Some attention has been given to the reduction of NO.sub.x in coal-fired furnaces. In U.S. Pat. No. 3,788,796 a pulverized fuel burner is described which provides means for reducing NO.sub.x. By maintaining a fuel-rich core, surrounded by combustion air, for a considerable distance from the burner, formation of NO.sub.x is reduced. Although this device provides satisfactory operation, it is complex, requires regular maintenance, and is not adaptable for existing burners, but rather requires an entire new burner.
In contrast, as will be described in detail, the improved burner of the present invention may be readily installed on existing burners, with minimum expense.
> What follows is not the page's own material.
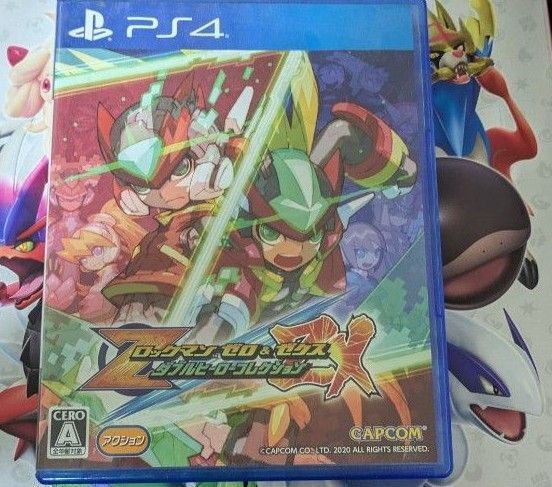 【PS4】 ロックマン ゼロ&ゼクス ダブルヒーローコレクション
Aerodynamic spoilers are employed on the primary air and fuel line to produce separate fuel-rich and air-rich zones.
In other prior art, vanes, and the like, have been employed primarily for providing efficient, thorough mixing of the pulverized coal and air. For example, in U.S. Pat. No. 2,755,750 a plurality of whirlers each of which includes fixed vanes, are used to thoroughly mix air, fuel and burnt gases. In contrast, the presently disclosed apparatus does not attempt to provide a uniform mixing, but rather to create fuel-rich and fuel-poor regions for the purpose of achieving NO.sub.x control. Nitric oxide tends to form fastest in the hottest (adiabatic) regions of the flames; i.e. the near burner region before boiler heat removal. If these adiabatic regions are maintained fuel-rich in a controlled manner then the scarce oxygen will selectively combust the fuel rather than attack the nitrogen in the air. In a similar manner chemically bound fuel nitrogen will tend to decompose or react to N.sub.2 in these same adiabatic, fuel-rich regions.
Fuel-rich/air-rich operation is currently employed in multi-burner natural gas and oil furnaces to reduce NO.sub.x. In such operation some of the burners are fed with air only (no fuel) or air is introduced above the flame zone or at other places so that the operating burners are fuel-rich (insufficient air); this provides off-stoichiometric firing. In coal-fired furnaces the use of off-stoichiometric firing or "over-fire air ports" can result in severe slagging of the lower boiler walls due to the reduction in the ash fusion temperature when moving from an air-rich (oxidizing) region to a fuel-rich (reducing) region. With the presently described apparatus unusual slagging does not occur since the air/fuel and combustion products finally obtain an air-rich condition before impinging the boiler walls (i.e. only the high temperature adiabatic initial zone is made fuel-rich for lowered nitric oxide emissions).